> Prompt:
The records below must be reproduced exactly. Strip out the pictures.

_ _ _ _ _

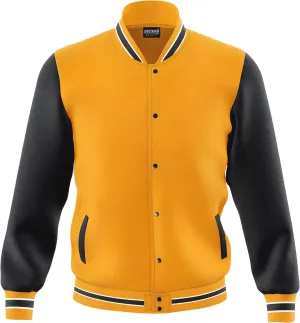 Men's Fashion Varsity Jacket Casual Regular Fit Letterman Baseball Bomber Jackets Fleece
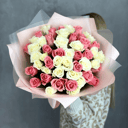 Букет «51 нежно - розовая роза»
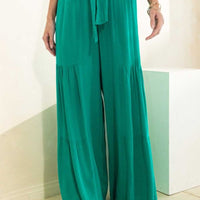 Smoked Tie Waist Tiered Wideleg Pants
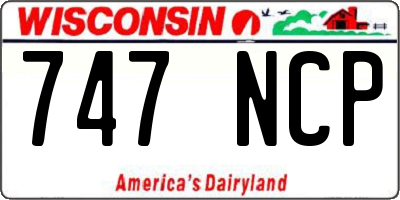 WI license plate 747NCP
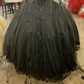 Black Ball Gown Quinceanera Dresses with Flowers,Sweet 16 Dresses Y5753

_ _ _ _ _

> Task output:
 Men's Fashion Varsity Jacket Casual Regular Fit Letterman Baseball Bomber Jackets Fleece
 Букет «51 нежно - розовая роза»
 Smoked Tie Waist Tiered Wideleg Pants
 WI license plate 747NCP
 Black Ball Gown Quinceanera Dresses with Flowers,Sweet 16 Dresses Y5753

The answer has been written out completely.